The following relationship exists between the conductivity σ _ac and the wetted resistance R _ac and between the conductivity σ _bc and the wetted resistance R _bc . σ _ac = 1 / (R _ac × d) σ _bc = 1 / (R _bc × d) where d: electrode diameter (electrodes 2a, 2b, 2c have the same diameter)

As a result, the electric conductivities σ _ac and σ _bc are measured at two points of the measuring tube, and the electric conductivity can be obtained more accurately even if the distribution of electric conductivity is different in the measuring tube. Correction is also performed more accurately. Thus, the flow rate value can be obtained with higher accuracy than in FIG.

The present invention is not limited to the above-described embodiment, but includes many more changes and modifications without departing from the essence thereof.

[0028]

As described above, according to the present invention, the fluid conductivity is measured by using the electrodes for measuring the flow rate, and the error of the flow rate value from the fluid conductivity can be corrected. In addition, there is an effect that it is possible to realize a reduction in the length between the surfaces.

[Brief description of the drawings]

FIG. 1 is a configuration diagram showing one embodiment of an electromagnetic flow meter according to the present invention.

FIG. 2 is another embodiment of the present invention.

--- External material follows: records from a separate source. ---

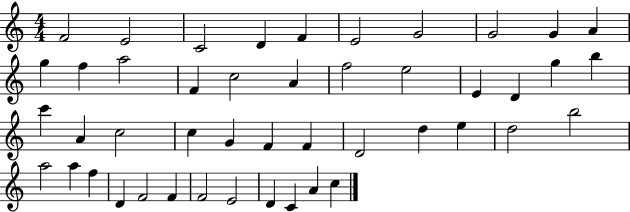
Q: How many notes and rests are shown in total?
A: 46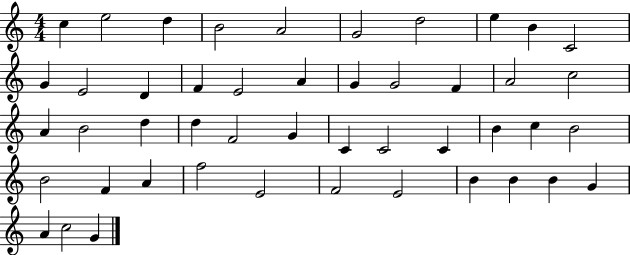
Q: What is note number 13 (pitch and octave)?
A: D4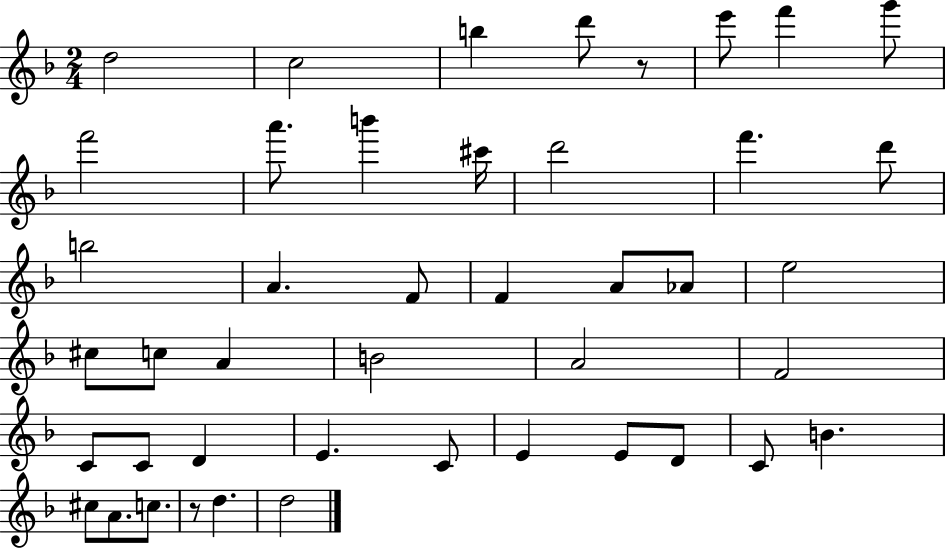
D5/h C5/h B5/q D6/e R/e E6/e F6/q G6/e F6/h A6/e. B6/q C#6/s D6/h F6/q. D6/e B5/h A4/q. F4/e F4/q A4/e Ab4/e E5/h C#5/e C5/e A4/q B4/h A4/h F4/h C4/e C4/e D4/q E4/q. C4/e E4/q E4/e D4/e C4/e B4/q. C#5/e A4/e. C5/e. R/e D5/q. D5/h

FIG. 3 is a configuration diagram illustrating an example of a conventional electromagnetic flow meter.

FIG. 4 is a diagram showing a relationship between a flow rate value span error and conductivity.

[Explanation of symbols]

 DESCRIPTION OF SYMBOLS 1 Measurement tube 2a, 2b, 2c Electrode 5a Flow rate calculation circuit 10 Constant current source 20 Switch drive circuit S1, S2, S21 Switch

Claims (4)

[Claims] A magnetic field is generated by an excitation coil provided outside a measuring tube, and an electromotive force generated between electrodes provided in the measuring tube is detected to measure a flow rate of a fluid flowing in the measuring tube. The electromagnetic flowmeter according to any one of claims 1 to 3, further comprising means for supplying a constant current between the electrodes to measure a fluid conductivity, and correcting an error caused by the conductivity of the flow rate. 2. The electromagnetic flowmeter according to claim 1, wherein the measurement of the fluid conductivity is performed intermittently or at a constant cycle when measuring the flow rate. 3. The fluid conductivity is obtained by measuring a liquid contact resistance between two electrodes by using two electrodes. Σ = 2 / (R _ab d) where σ: fluid conductivity R _ab : liquid contact resistance d: The electromagnetic flowmeter according to claim 1, wherein the electromagnetic flowmeter is configured to be obtained based on a relational expression of an electrode diameter. 4. The fluid conductivity is determined by measuring each liquid contact resistance between an electrode and an earth electrode by using three electrodes of two electrodes and an earth electrode, and σ _ac = 1 / (R _ac × d) σ _bc = 1 / ( _Rbc × d) where σ _ac , σ _bc : fluid conductivity between each electrode and the ground electrode R _ac , R _bc : liquid contact resistance between each electrode and the ground electrode d: electrode diameter The electromagnetic flowmeter according to claim 1, wherein the electromagnetic flowmeter is configured to be determined based on an equation.